News
News > Extract
Read an extract from The Turner House by Angela Flournoy
The Turner House, Angela Flournoy's acclaimed debut novel, was shortlisted for the National Book Award. Set in Detroit, it is a colourful, complicated family saga full of love and pride, sacrifice and unlikely inheritances (and a ghost!). Maxine Beneba Clarke called it ‘a haunting novel: exquisitely tender. Here is a family you’re unlikely to forget.’
Angela is a graduate of the Iowa Writers’ Workshop and lives in New York City. Black Inc. is thrilled to welcome Angela to Australia in August for an East Coast tour, including appearances at Byron Bay Writers Festival and Melbourne Writers Festival. Read an extract below.
Trouble in the Big Room
The eldest six of Francis and Viola Turner’s thirteen children claimed that the big room of the house on Yarrow Street was haunted for at least one night. A ghost — a haint, if you will — tried to pull Cha-Cha out of the big room’s second-story window.

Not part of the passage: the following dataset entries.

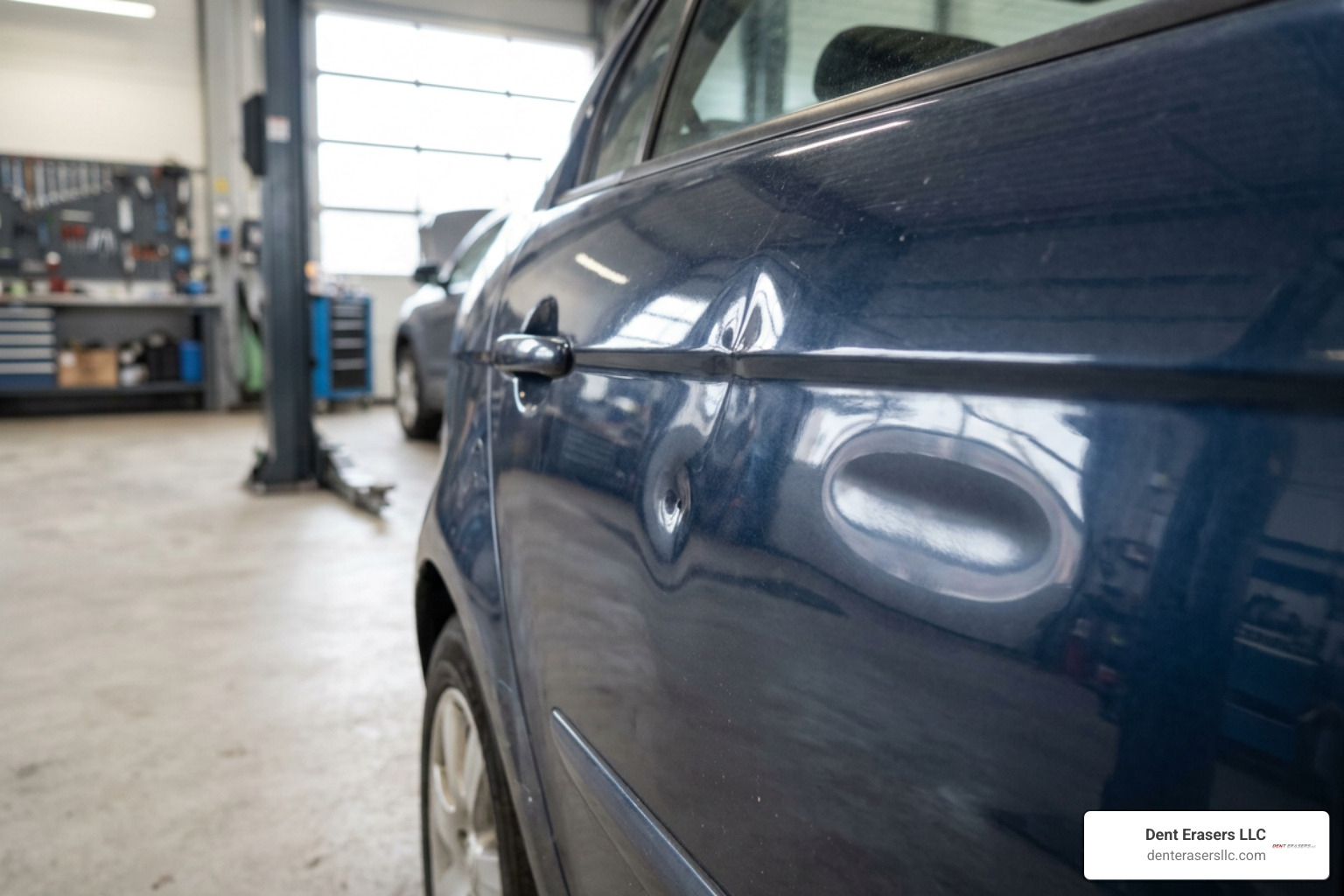 Various dent types from round dings to sharp body line creases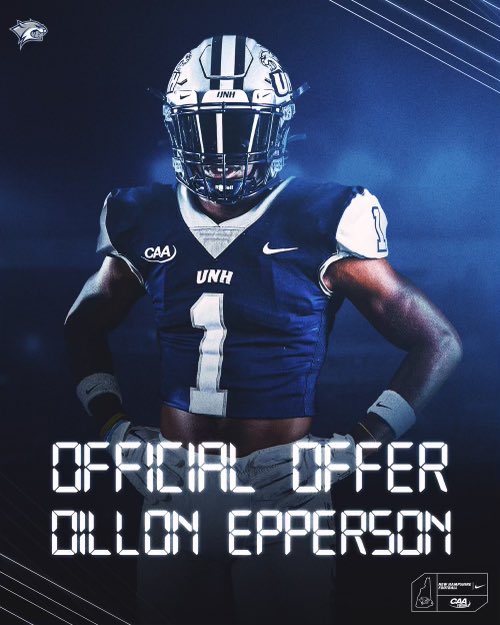 Over the weekend I had a chance to go up to the University of New Hampshire. And after a great call with <a href="/TommyHerion/">Tommy Herion</a> I am grateful and blessed to have earned my second D1 offer. Once again I would like to thank God, my teammates, my family, and my coaches for the opportunity!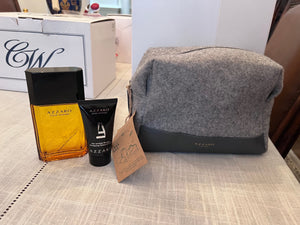 BRAND NEW Azzaro Pour Homme 2 Piece Gift Set + Travel Toiletry Bag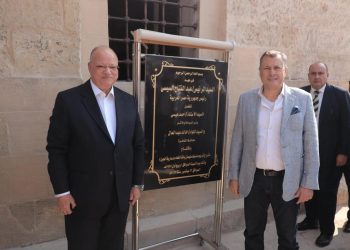 وزير السياحة ومحافظ القاهرة يفتتحان جامع سليمان باشا الخادم بعد الانتهاء من ترميمه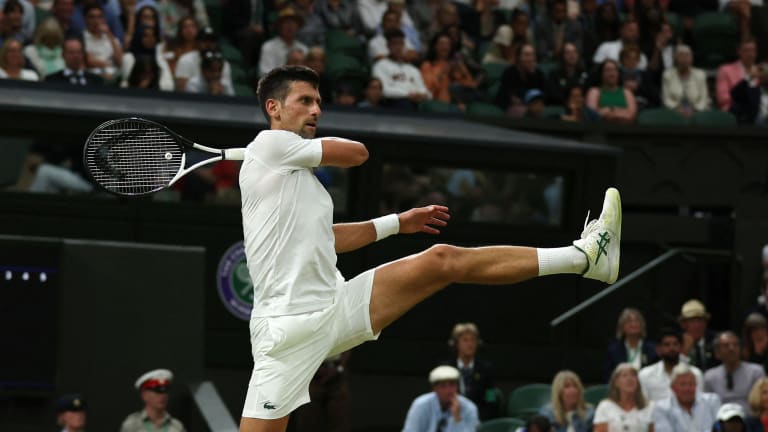 Djokovic decisively kicked his second-set disappointment aside by taking eight consecutive games to firmly regain control.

The big room was not, in actuality, very big. Could hardly be considered a room. For some other family it might have made a decent storage closet, or a mother’s cramped sewing room. For the Turners it became the only single-occupancy bedroom in their overcrowded house. A rare and coveted space.
In the summer of 1958, Cha-Cha, the eldest child at fourteen years, was in the throes of a gangly-legged, croaky-voiced adolescence. Smelling himself, Viola called it. Tired of sharing a bed with younger brothers who peed and kicked and drooled and blanket-hogged, Cha-Cha woke up one evening, untangled himself from his brothers’ errant limbs, and stumbled into the whatnot closet across the hall. He slept on the floor, curled up with his back against dusty boxes, and started a tradition. From then on, when one Turner child got grown and gone, as Francis described it, the next eldest child crossed the threshold into the big room.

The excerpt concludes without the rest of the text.